Martin Luther's attitude towards predestination is set out in his On the Bondage of the Will, published in 1525. This publication by Luther was in response to the published treatise by Desiderius Erasmus in 1524 known as On Free Will.
The Belgic Confession of 1561 affirmed that God "delivers and preserves" from perdition "all whom he, in his eternal and unchangeable council, of mere goodness hath elected in Christ Jesus our Lord, without respect to their works" (Article XVI). Calvinists believe that God picked those whom he will save and bring with him to Heaven before the world was created. They also believe that those people God does not save will go to Hell. John Calvin thought people who were saved could never lose their salvation and the "elect" (those God saved) would know they were saved because of their actions.

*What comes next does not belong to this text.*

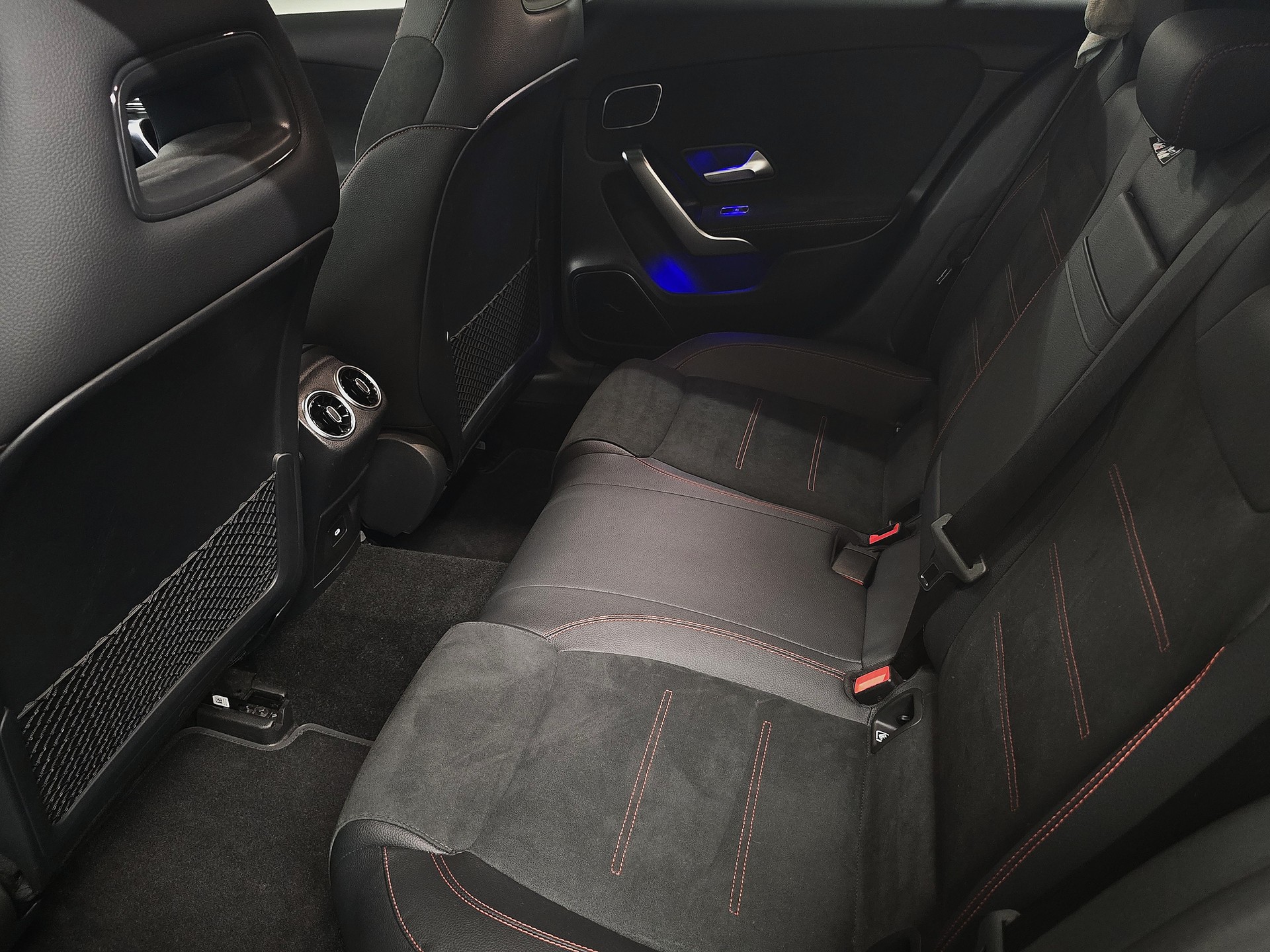 MERCEDES-BENZ A 220 AMG LINE 4Matic 8G-DCT-image-17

In this common, loose sense of the term, to affirm or to deny predestination has particular reference to the Calvinist doctrine of unconditional election. In the Calvinist interpretation of the Bible, this doctrine normally has only pastoral value related to the assurance of salvation and the absolution of salvation by grace alone. However, the philosophical implications of the doctrine of election and predestination are sometimes discussed beyond these systematic bounds. Under the topic of the doctrine of God (theology proper), the predestinating decision of God cannot be contingent upon anything outside of himself, because all other things are dependent upon him for existence and meaning. Under the topic of the doctrines of salvation (soteriology), the predestinating decision of God is made from God's knowledge of his own will (Romans 9:15), and is therefore not contingent upon human decisions (rather, free human decisions are outworkings of the decision of God, which sets the total reality within which those decisions are made in exhaustive detail: that is, nothing left to chance). Calvinists do not pretend to understand how this works; but they are insistent that the Scriptures teach both the sovereign control of God and the responsibility and freedom of human decisions.
Calvinist groups use the term Hyper-Calvinism to describe Calvinistic systems that assert without qualification that God's intention to destroy some is equal to his intention to save others. Some forms of Hyper-Calvinism have racial implications, as when Dutch Calvinist theologian Franciscus Gomarus however argued that Jews, because of their refusal to worship Jesus Christ, were members of the non-elect, as also argued by John Calvin himself, based on I John 2:22–23 in The New Testament of the Bible. Some Dutch settlers in South Africa argued that black people were sons of Ham, whom Noah had cursed to be slaves, according to Genesis 9:18–19, or drew analogies between them and the Canaanites, suggesting a "chosen people" ideology similar to that espoused by proponents of the Jewish nation. This justified racial hierarchy on earth, as well as racial segregation of congregations, but did not exclude blacks from being part of the elect. Other Calvinists vigorously objected to these arguments (see Afrikaner Calvinism).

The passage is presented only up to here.